Massel and colleagues have a neat trick to match up the photon energies. The researchers send the signal and the pump wave into a zigzag cavity, where they bounce back and forth. Next to the cavity is a flimsy mechanical beam, which begins to resonate under pressure from the bouncing pump waves and in doing so reduces the pump photons' energy. Soon, the energy of the pump photons drops until it matches the energy of the signal photons, at which point the pump wave merges with the signal wave and amplifies it.

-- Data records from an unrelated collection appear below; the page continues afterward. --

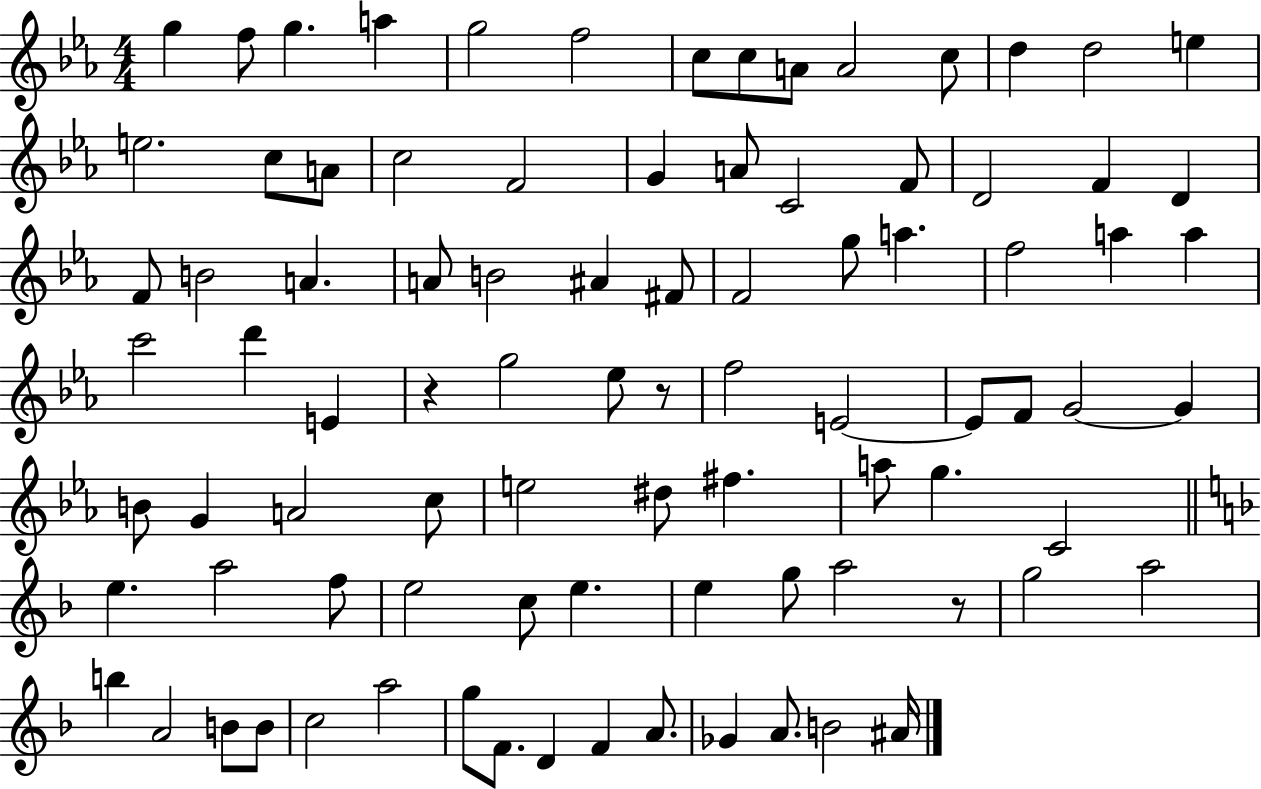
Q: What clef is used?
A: treble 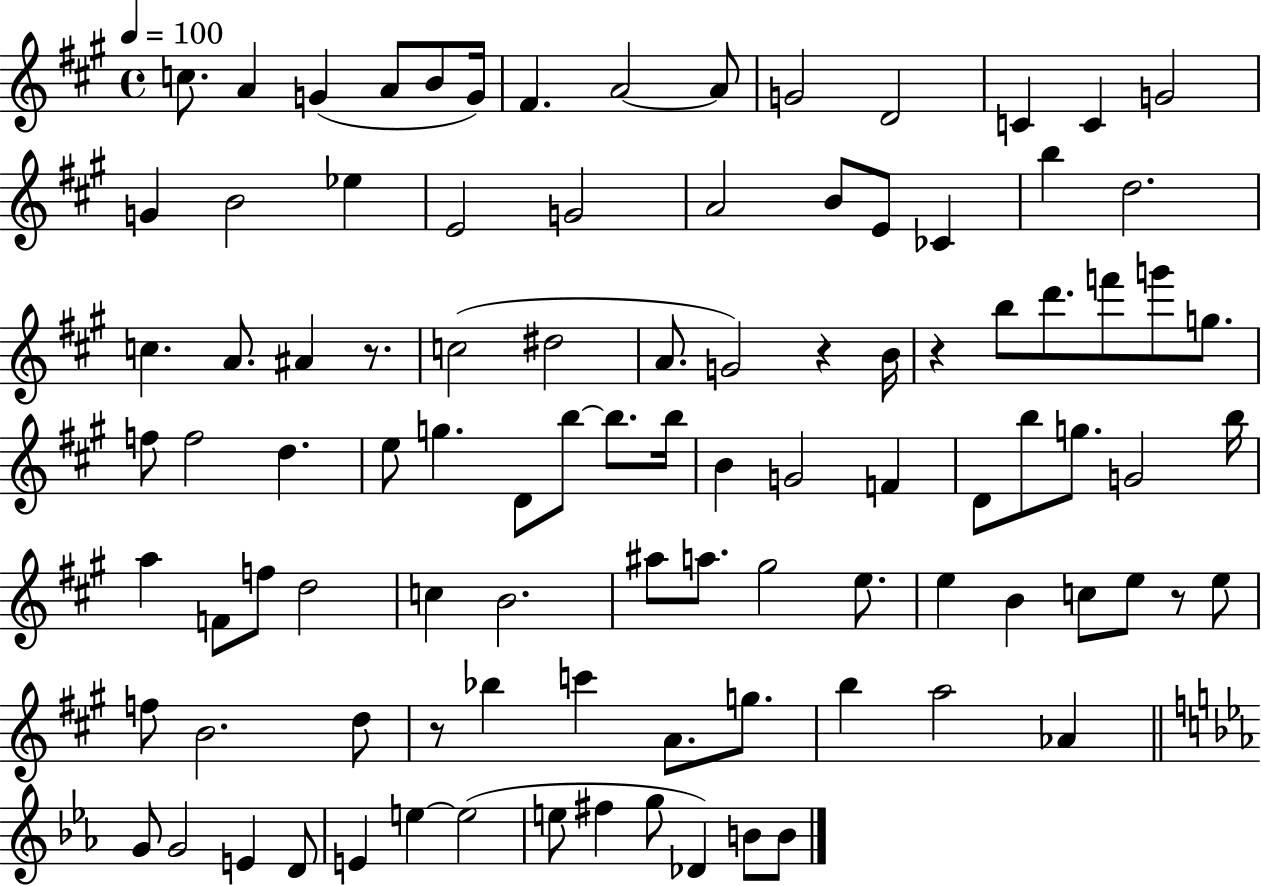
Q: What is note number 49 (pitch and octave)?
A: G4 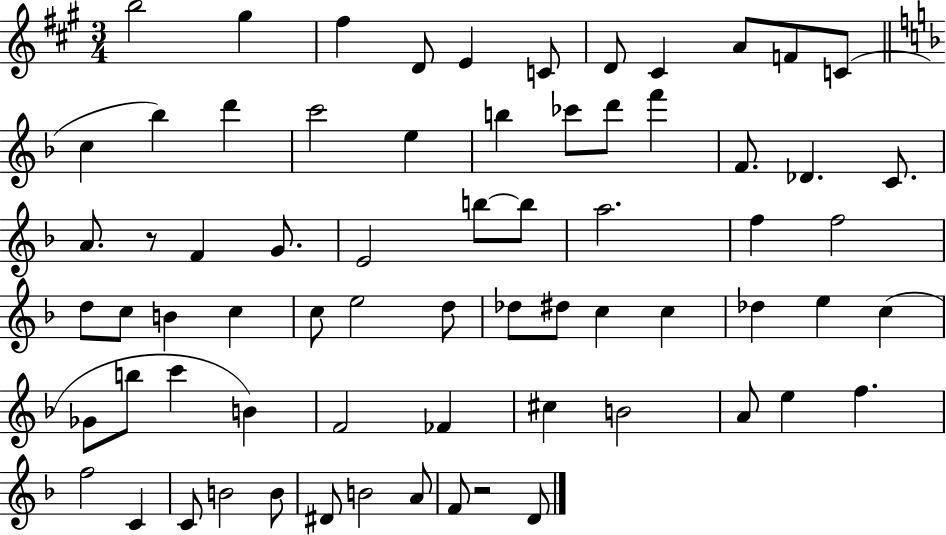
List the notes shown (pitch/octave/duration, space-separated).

B5/h G#5/q F#5/q D4/e E4/q C4/e D4/e C#4/q A4/e F4/e C4/e C5/q Bb5/q D6/q C6/h E5/q B5/q CES6/e D6/e F6/q F4/e. Db4/q. C4/e. A4/e. R/e F4/q G4/e. E4/h B5/e B5/e A5/h. F5/q F5/h D5/e C5/e B4/q C5/q C5/e E5/h D5/e Db5/e D#5/e C5/q C5/q Db5/q E5/q C5/q Gb4/e B5/e C6/q B4/q F4/h FES4/q C#5/q B4/h A4/e E5/q F5/q. F5/h C4/q C4/e B4/h B4/e D#4/e B4/h A4/e F4/e R/h D4/e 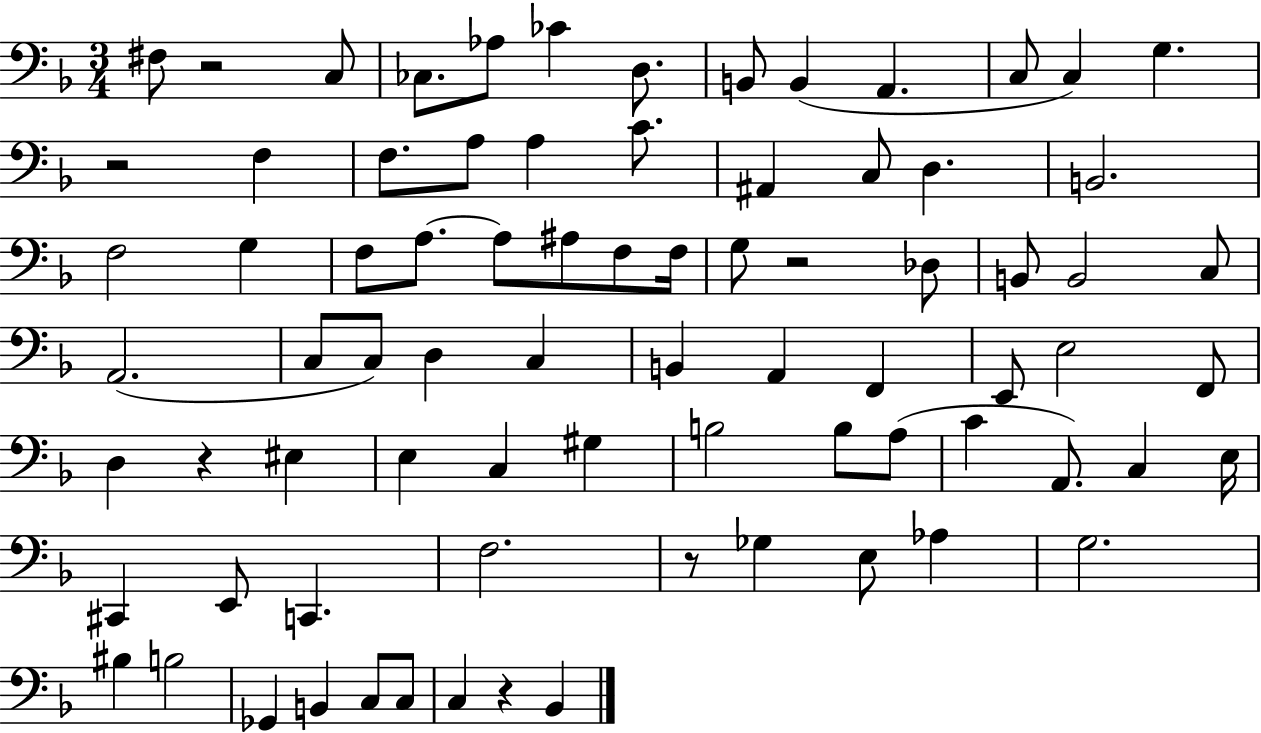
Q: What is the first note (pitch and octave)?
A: F#3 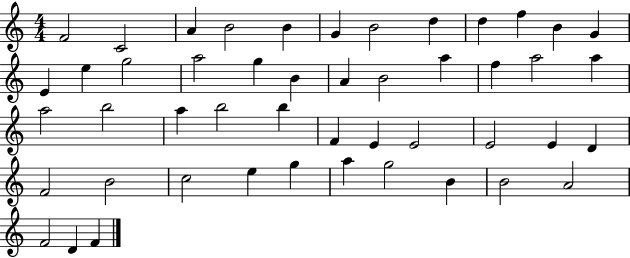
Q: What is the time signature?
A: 4/4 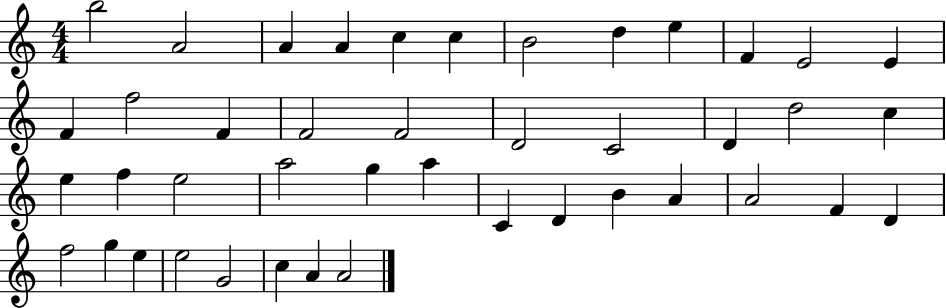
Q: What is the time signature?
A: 4/4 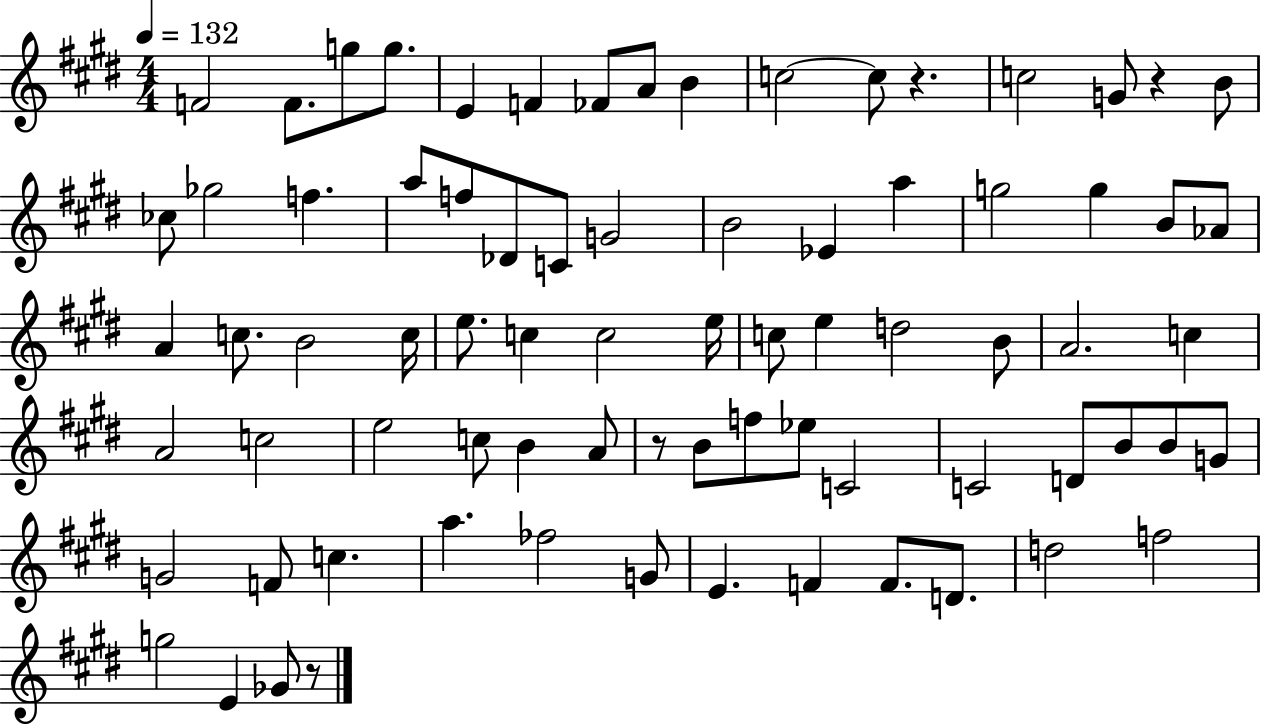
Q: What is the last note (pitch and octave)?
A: Gb4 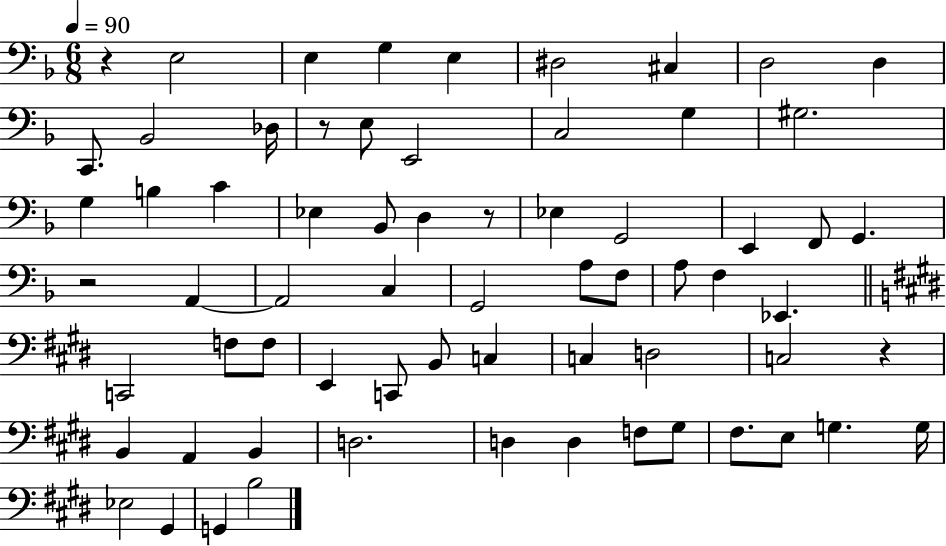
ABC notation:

X:1
T:Untitled
M:6/8
L:1/4
K:F
z E,2 E, G, E, ^D,2 ^C, D,2 D, C,,/2 _B,,2 _D,/4 z/2 E,/2 E,,2 C,2 G, ^G,2 G, B, C _E, _B,,/2 D, z/2 _E, G,,2 E,, F,,/2 G,, z2 A,, A,,2 C, G,,2 A,/2 F,/2 A,/2 F, _E,, C,,2 F,/2 F,/2 E,, C,,/2 B,,/2 C, C, D,2 C,2 z B,, A,, B,, D,2 D, D, F,/2 ^G,/2 ^F,/2 E,/2 G, G,/4 _E,2 ^G,, G,, B,2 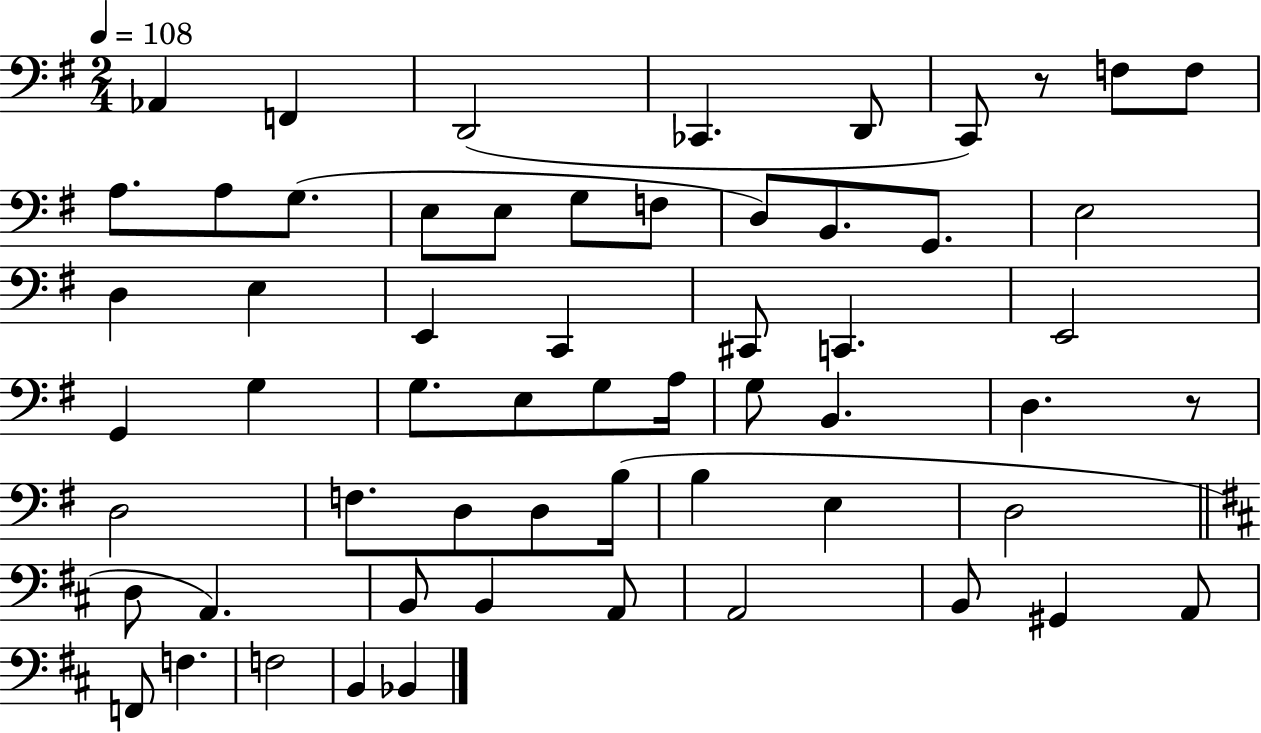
{
  \clef bass
  \numericTimeSignature
  \time 2/4
  \key g \major
  \tempo 4 = 108
  aes,4 f,4 | d,2( | ces,4. d,8 | c,8) r8 f8 f8 | \break a8. a8 g8.( | e8 e8 g8 f8 | d8) b,8. g,8. | e2 | \break d4 e4 | e,4 c,4 | cis,8 c,4. | e,2 | \break g,4 g4 | g8. e8 g8 a16 | g8 b,4. | d4. r8 | \break d2 | f8. d8 d8 b16( | b4 e4 | d2 | \break \bar "||" \break \key b \minor d8 a,4.) | b,8 b,4 a,8 | a,2 | b,8 gis,4 a,8 | \break f,8 f4. | f2 | b,4 bes,4 | \bar "|."
} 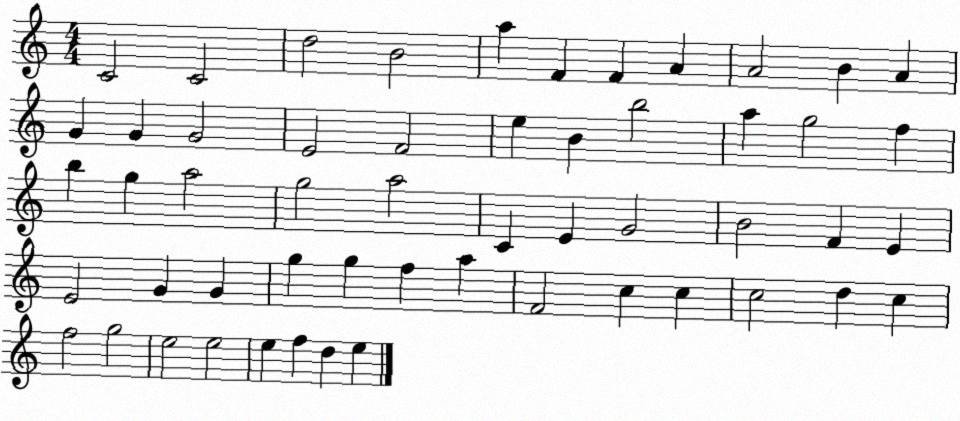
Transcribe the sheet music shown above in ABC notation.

X:1
T:Untitled
M:4/4
L:1/4
K:C
C2 C2 d2 B2 a F F A A2 B A G G G2 E2 F2 e B b2 a g2 f b g a2 g2 a2 C E G2 B2 F E E2 G G g g f a F2 c c c2 d c f2 g2 e2 e2 e f d e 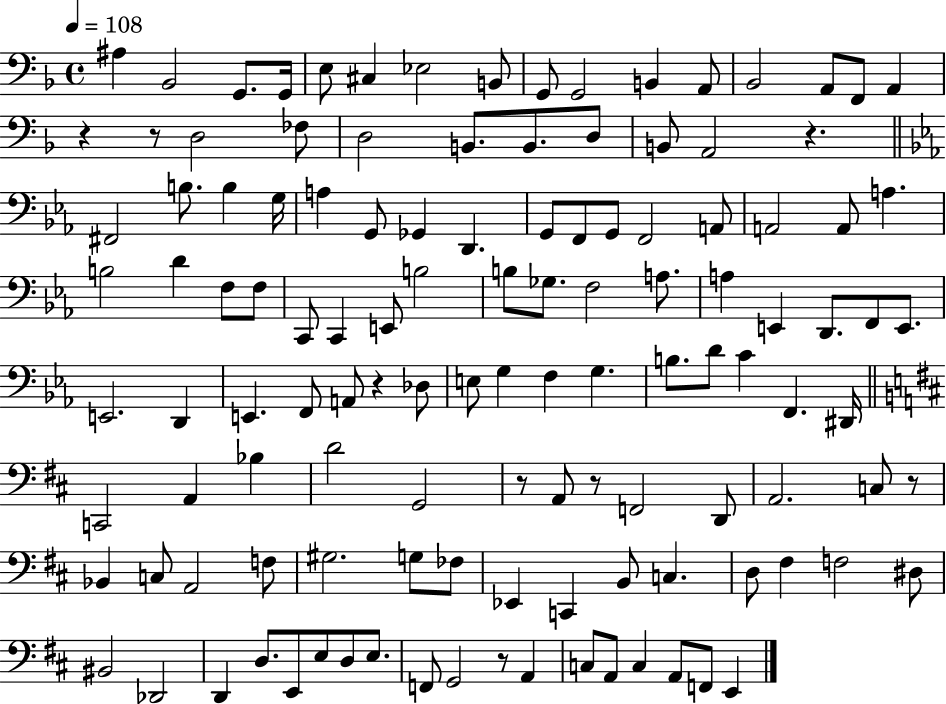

As reported online today in Nature, the device can achieve 25 decibels of amplification, with a noise 20 times the quantum limit. This is far better than most conventional microwave amplifiers, although it is not as clean as amplification from superconducting devices, which operate at just two or three times above the quantum noise limit. However, Massel points out that he and his colleagues only discovered the low-noise behavior of their amplifier by accident, and they could reach the quantum noise limit after further development.
For physicist Nicolas Bergeal of ESPCI ParisTech in France, this need for further development makes it hard to foresee potential applications. But the researchers performed "a remarkable experiment," he says, because no one has tried to approach the quantum noise limit using mechanical resonators before. "To date, people [have] focused mainly on superconducting ... devices, which rely exclusively on electrical elements."
Still, Massel believes the device could be used to amplify the faint output signals from quantum computers, which are expected to exploit the inherent fuzziness of quantum mechanics to perform calculations much faster than any of today's machines. "Beyond the general interest of having a quantum-limited amplifier itself," he says, "this is the application where it most likely to be used."